A group of people gathered in 1948 to form a conservative synagogue. It took them until 1962, when they moved into this building, to find a permanent home. Originally built in the 1860s as the First German Baptist Church and then taken over by the Ukrainian Orthodox Church in 1926, it still has two of the onion-shaped domes from years ago standing high above.
Founded in 1786 with a grant from Robert Murray, a wealthy merchant, and educating New York’s Quaker population at this 16th Street location since 1860, the Friends Seminary is the oldest co-ed K-12 school in New York City.
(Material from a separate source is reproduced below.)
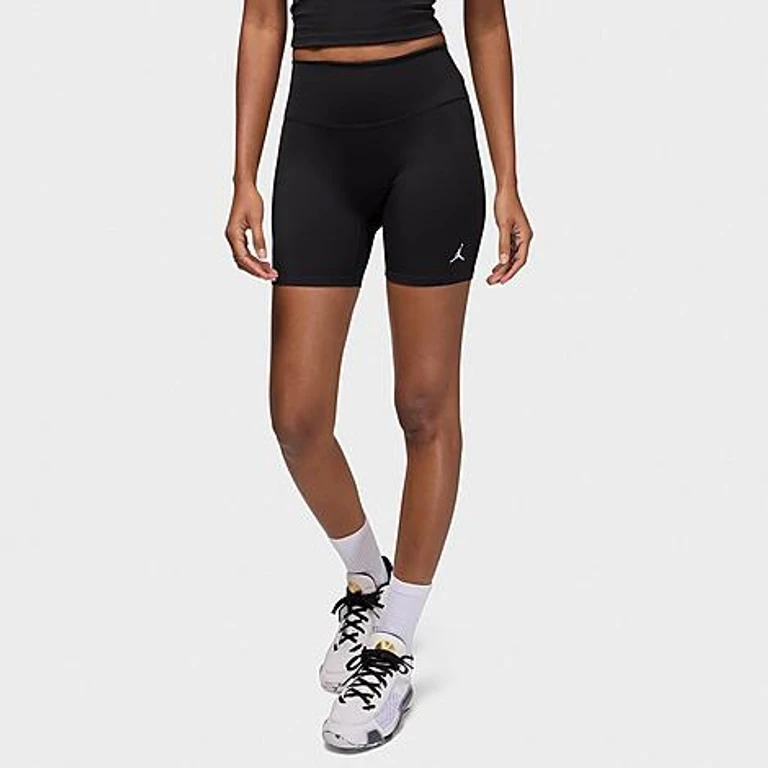 Shorts Jordan Sport Dri-FIT de cintura alta en negro/blanco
The institution holds true to the Quaker principles of diversity, inclusion, and peace, seeking to shape well-rounded and thoughtful scholars, artists, and athletes through their curriculum.
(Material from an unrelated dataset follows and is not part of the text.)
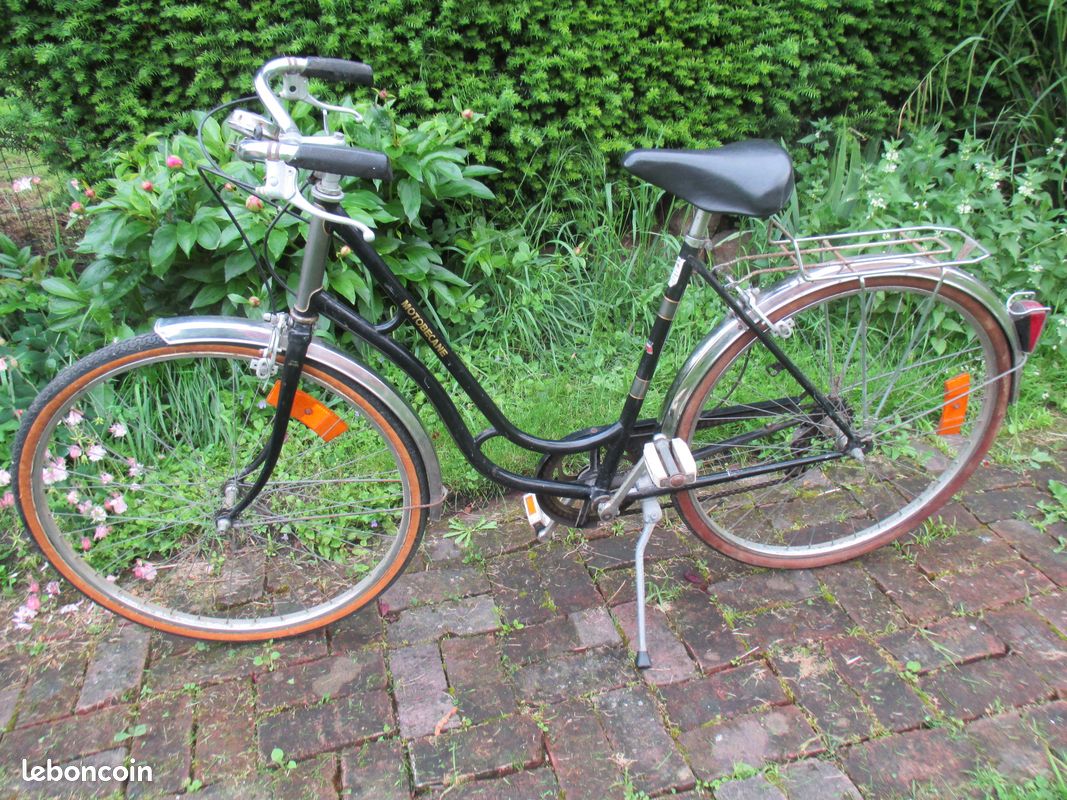Vélo vintage col de cygne Motobécane - Vélos Vélo vintage col de cygne Motobécane - Vélos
There is a plaque here that marks the residence of English-born poet, Wystan Hugh Auden, an East Villager from 1953 to 1972, a year before he died. Take a dip into a line from his poem "As I Walked Out One Evening"... that struck us as rather fitting for our own endeavor... As I walked out one evening, Walking down Bristol Street, The crowds upon the pavement Were fields of harvest wheat. Though best known for this elegant and tragic meditation on the nature of time, he published more than 400 poems during his lifetime, and also wrote many essays and reviews. Interestingly, the basement of the building where he lived once housed Russian left-wing newspaper Novy Mir, where Leon Trotsky spent time working in the years leading up to the Russian Revolution.
Built and consecrated in 1799, St Mark’s Church-in-the-Bowery is Manhattan’s oldest site of continuous worship and the second oldest church building. It inspired the naming of nearby St. Mark’s Place and is listed on the National Register of Historic Places. Today, however, it might be better known as a community gathering place, thanks to the many plays, dances, poetry readings, avant-garde films and political events that have been taking place on the premises for decades. St. Mark’s Church also has a significant burial ground, housing the vault of Peter Stuyvesant along with other prominent founders of New York City. When visiting the Minthorne House on 1st Street, we learned that several members of the Minthorne family were also buried here.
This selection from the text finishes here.